I tested my new Coralife 30" twin T5 fixture last night and I'm very disappointed. It's not even close to being useful on the 50gal. Granted, I don't have any plants in there to test it out on, but I can just tell by looking at it. I do like having the Colormax bulb, so I may hang on to it for the front half of the tank where there will be few plants and use a 1x55W across the back. I don't what I should do. It would be great if this can grow plant well but getting down through 20-something inches of water, plus an 1/8" acrylic top is going to be hard to do for these little lights. Should I keep it??

After seeing Rob's tank with the T5 bulbs, I was excited to find a 30" fixture but it's nothing like what I thought it would be.... Rob - are your lights T5HO?


----------



## JoeAyers (Apr 9, 2007)

Chris,

I'd like one 'set' (1 ballast, 4 bulbs, endcaps, etc) now, then I'll order two more at the end of the summer when I'm going to actually start putting the plants in the tank. You want me to paypal you the money?

Joe


----------



## CincyCichlids (Oct 14, 2005)

Erik,
I believe Robs are HO, because he's asking for the same bulbs as I use. Are yours not HO? Although they do produce a lot of light for being so small, I don't know why anyone would want regular output bulbs for them (or anything for that matter, I overdrive everything hehe).

Joe, the bulbs you wanted I'm guessing would be two of the 10,000K and two of the 6500K right? 

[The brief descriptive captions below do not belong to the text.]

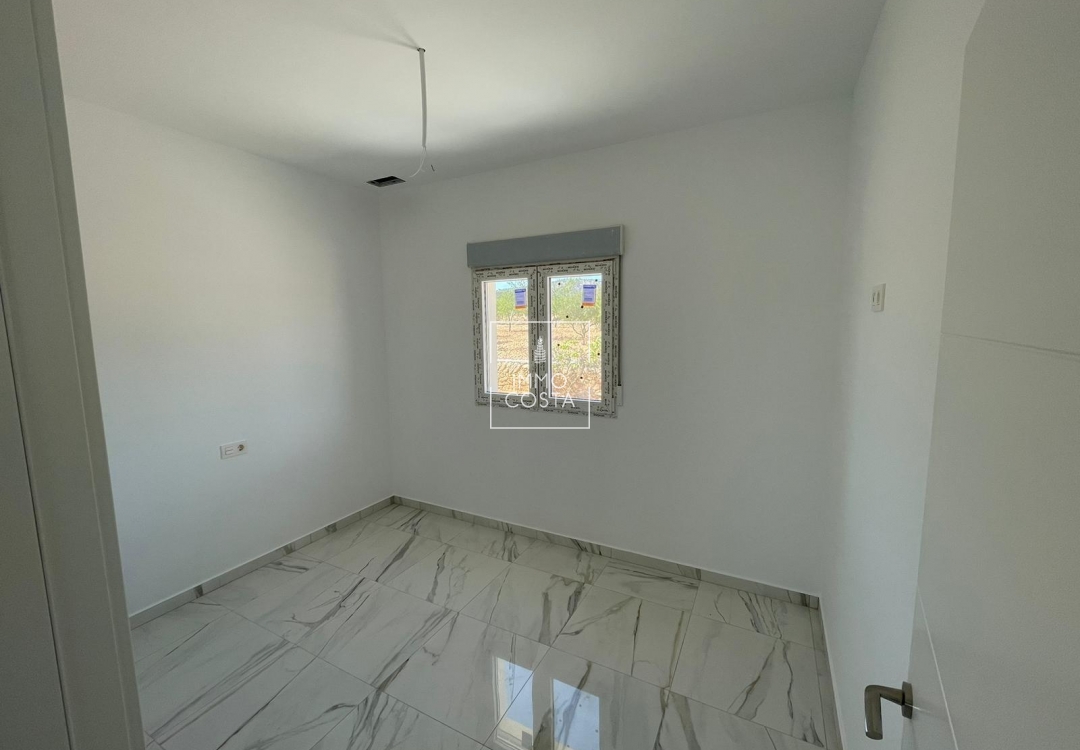 Neubau - Villa - Pinoso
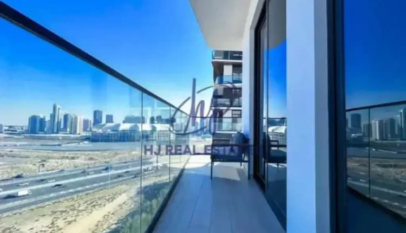 Real Estates in Dubai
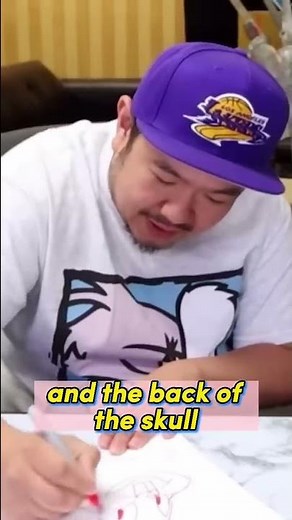 The official voice of Bugs Bunny!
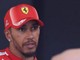 Hamilton difende Vasseur: "E' la persona giusta, puntate il dito su chi è più in alto"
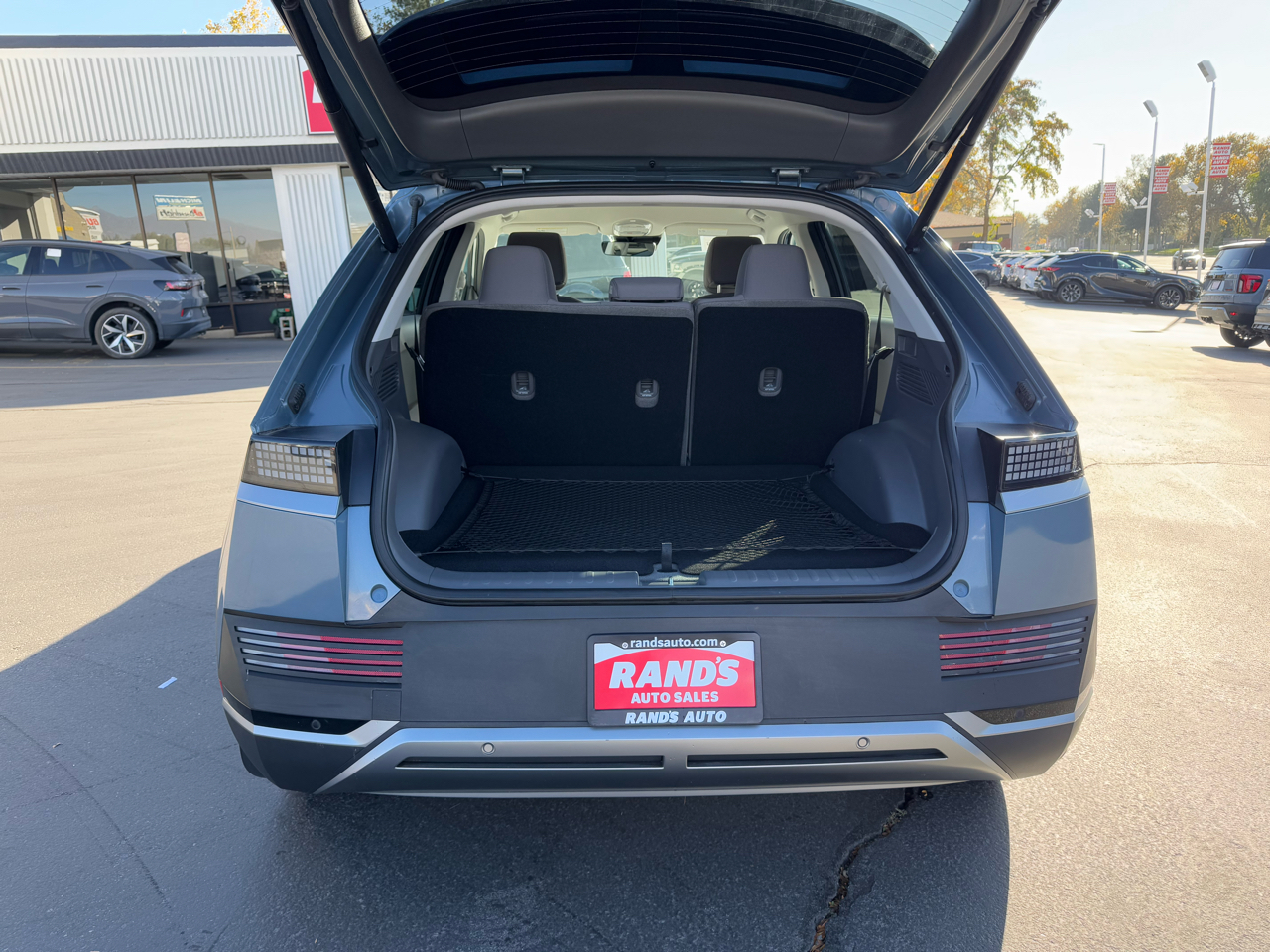Hyundai Ioniq 5 SEL AWD 2024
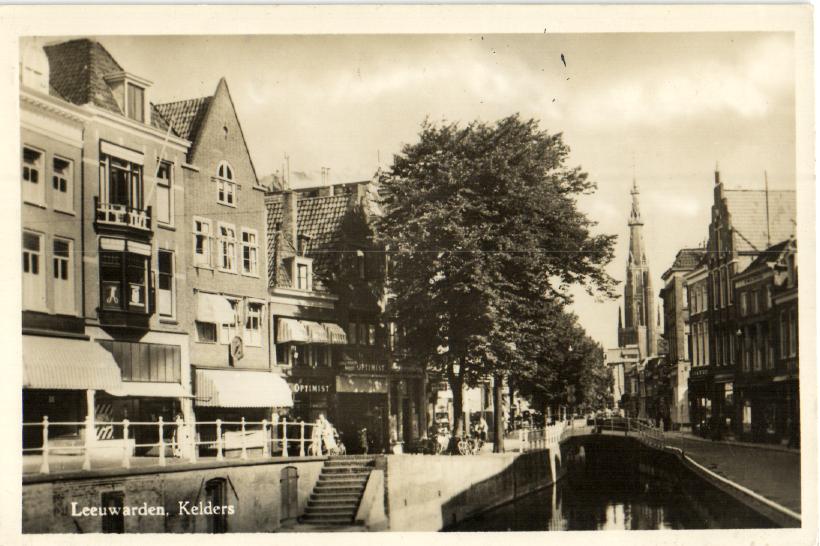 kaart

I'll have two extra ballast/end caps, so if anyone wants to try T5s send me a PM.


----------



## Troy McClure (Aug 3, 2005)

Yeah, they are NO. I have no idea why Coralife would have gone that route, so as much as I like the fixture I'm going to return it tonight and either piece together two 24W T5HO or get two Current 1x65 PC fixtures. I'm not sure which way I'll go yet but I have to make a decision soon because I'm getting plants from Matt on Saturday. I may wire up one of my extra AHS 55W lights as a stop gap until I figure out what I want to do.


----------



## Rob Tetrazona (Jun 21, 2005)

Troy McClure said:


> After seeing Rob's tank with the T5 bulbs, I was excited to find a 30" fixture but it's nothing like what I thought it would be.... Rob - are your lights T5HO?


Yes, my bulbs are T5HO. My 75 is also only 18" high. My most impressive feat is growing Glosso pretty well without much growing straight up. There is no need for typical room lamps or ceiling lights in that room.


----------



## Rob Tetrazona (Jun 21, 2005)

Any word on the order, Chris?


----------